Wir erleben es soeben wieder in Chile. In Chile gab es bis vor kurzem keine Ehescheidung. Jetzt hat der Staat, hat die Regierung, hat das Parlament unter dem Beifall des chilenischen Protestantismus die Ehescheidung freigegeben. Die Kirche hat sich bis zuletzt heldenmütig gewehrt, aber der Staat, die Regierung, das Parlament haben auf die Kirche nicht gehört. Wenn die Kirche das Sittengesetz nicht mehr darlegt und den Menschen verkündet, dann gibt es überhaupt keine sinnstiftende Organisation mehr im Staate. Die Kirche ist unbedingt notwendig, denn Gott hat zwei Gewalten gestiftet, die auf ihren Gebieten die höchsten sind, den Staat auf dem weltlichen Gebiete, die Kirche auf dem geistlichen Gebiete, aber so, daß das weltliche Gebiet seine sittlichen Normen vom geistlichen Gebiet empfängt. Im Mittelalter haben die Theologen und Kanonisten das Verhältnis von Staat und Kirche mit Sonne und Mond verglichen; der Mond empfängt ja sein Licht von der Sonne. Das Bild ist nicht ganz falsch. Der Staat empfängt sein Licht, nämlich das Licht seiner sittlichen Prinzipien von der Kirche. Die Kirche ist seine sinnstiftende Organisation.
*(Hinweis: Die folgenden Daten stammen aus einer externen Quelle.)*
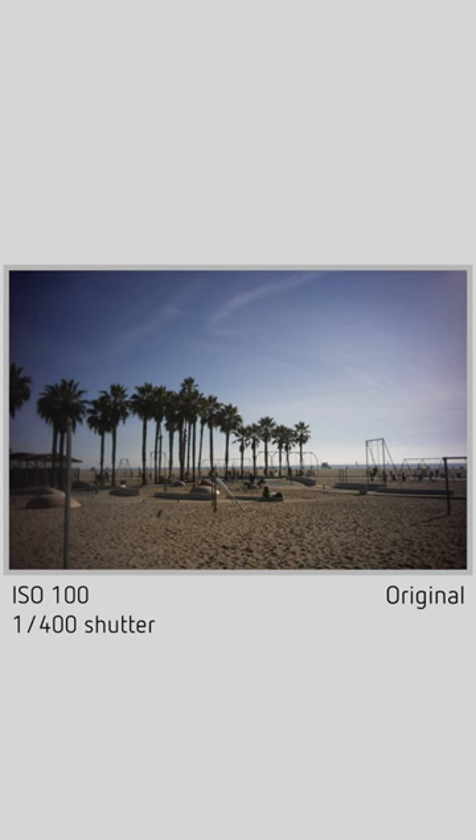For $27, it's a lens cap worth having and gives you a picture worth taking, just like those disposable Kodak cameras from back in the day.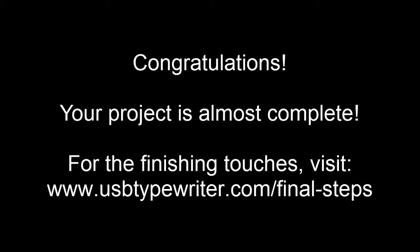Your project is almost done and your USB typewriter is almost working. For the finishing touches, visit www.usbtypewriter.com/final-steps. Thanks for watching and good luck with your project!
Damit ist auch die Aufgabe der Kirche gezeichnet, nicht mit der Zeit zu gehen, sondern der Zeit zu widersprechen. Das ist gerade ihre Sendung, nicht der Zeit zuzustimmen, sondern der Zeit Widerspruch zu leisten. Davor brauchen wir uns nicht zu fürchten und dafür brauchen wir uns schon gar nicht zu entschuldigen. Das ist ihre heilige, gottgegebene Aufgabe, auf Grundsätzen zu beharren, die immer gelten. Wir hängen nicht an dem, was gestern war, sondern wir leben aus dem, was immer bleibt. Der Staat bedarf der Kirche. Wenn er der Kirche einen Maulkorb umhängen will, wenn er sie aus der Öffentlichkeit verdrängen will, dann erleben wir das, was wir in Frankreich seit über hundert Jahren erlebt haben: das Volk versackt religiös und sittlich. Was wir in Frankreich seit über hundert Jahren erleben, ist das Produkt des religionslosen Staates.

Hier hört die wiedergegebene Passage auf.